Check if array is sorted using recursion

Question

I am getting true as answer even for unsorted(isNonDescending) arrays. Where is the bug? I want to break the array into smaller problem from the start of the array only.

//Check for isNonDescending.

public class AlgoAndDsClass {

    public static void main(String args[]) {

        int[] unsortedArry = { 1, 2, 3, 4 };
        int[] unsortedArry2 = { 1, 2, 4, 3 };
        System.out.println(isSorted(unsortedArry, unsortedArry.length));
       System.out.println(isSorted(unsortedArry2, unsortedArry2.length));


    }

    private static boolean isSorted(int[] arr, int size) {
        if (size == 0 || size == 1)
            return true;

        if (arr[0] > arr[1]) {
            return false;
        }
        System.out.println(arr.length);
        boolean smallwork = isSorted(arr, size - 1);

        return smallwork;

    }

Answer 1

you keep on checking the same 2 elements, try using the size variable instead as the arrray indexes. For exmaple, if the first 2 elements are sorted you'll get true, thats because you check only the first two elements in the arrray.

Answer 2

Instead of passing the size of the array as a parameter, which makes no sense anyway, because you can simply call arr.length , you should pass a starting index and increase it with each recursive call until you have reached the length of your array.

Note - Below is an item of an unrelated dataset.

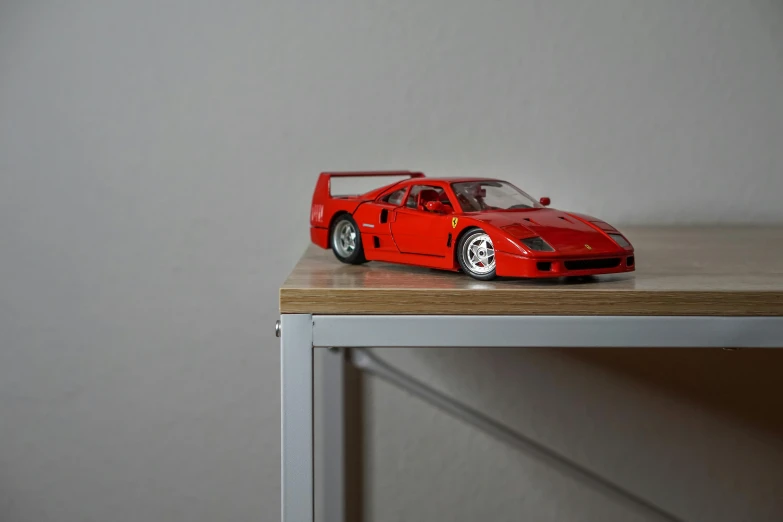 a red toy car sitting on top of a wooden table, inspired by Bernardo Cavallino, unsplash, photorealism, ferrari f 4 0, standing on a shelf, high resolution print :1 red, in my bedroom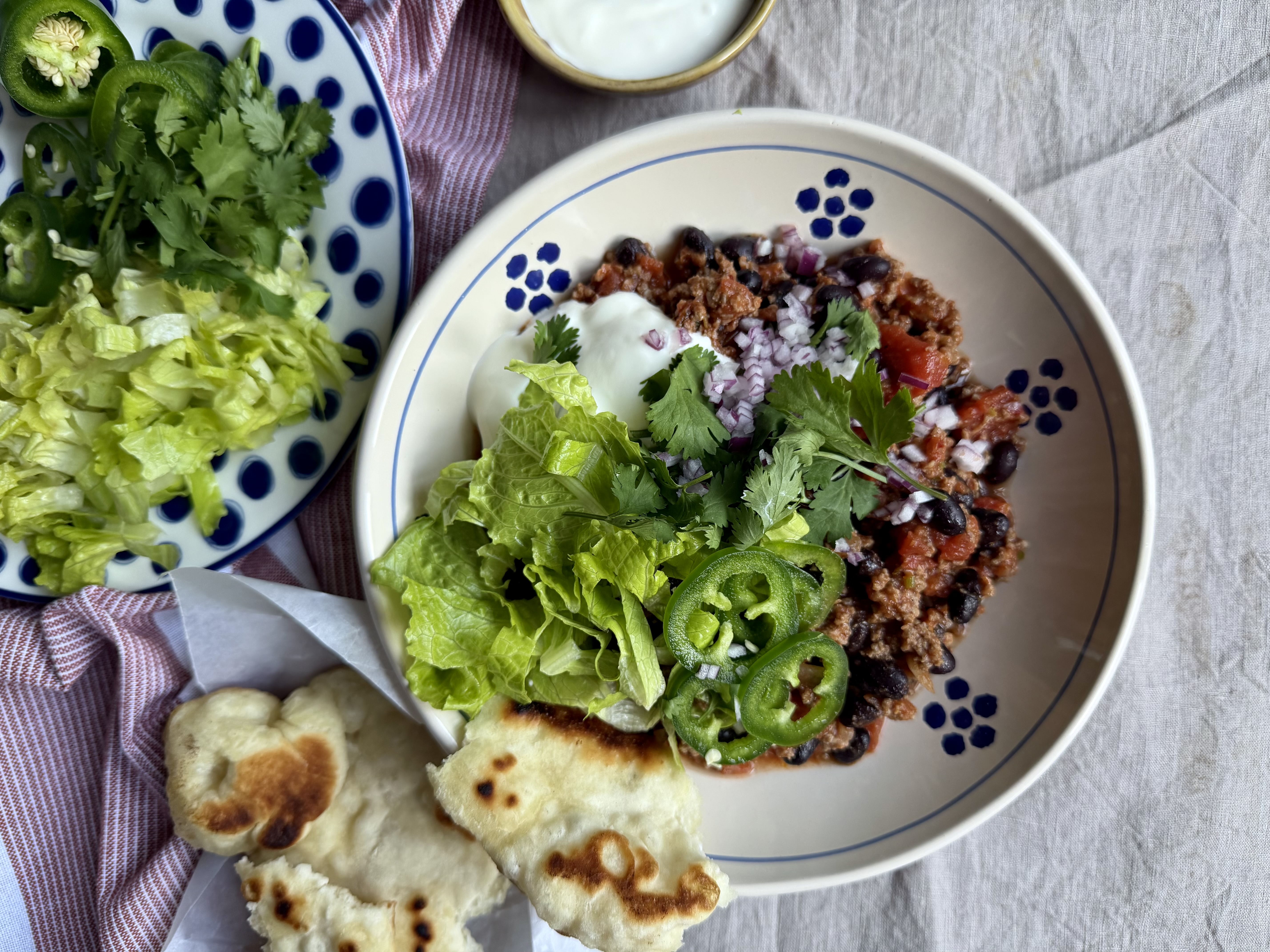 Hurtig chili con carne med salat, koriander og lune pandebrød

private static boolean isSorted(int[] arr, int index) {
    if(arr.length == 0 || arr.length == 1 || index == arr.length - 1){
        return true;
    }
    if (arr[index] > arr[index + 1]) {
        return false;
    }
    return isSorted(arr, index + 1);
}

and call from main with 0 as a starting index

System.out.println(isSorted(unsortedArry,0));
System.out.println(isSorted(unsortedArry2,0));

Answer 3

Array is sorted if the sub-array from the start and up to one element before last is sorted and the last element is larger or equal to the element before last one.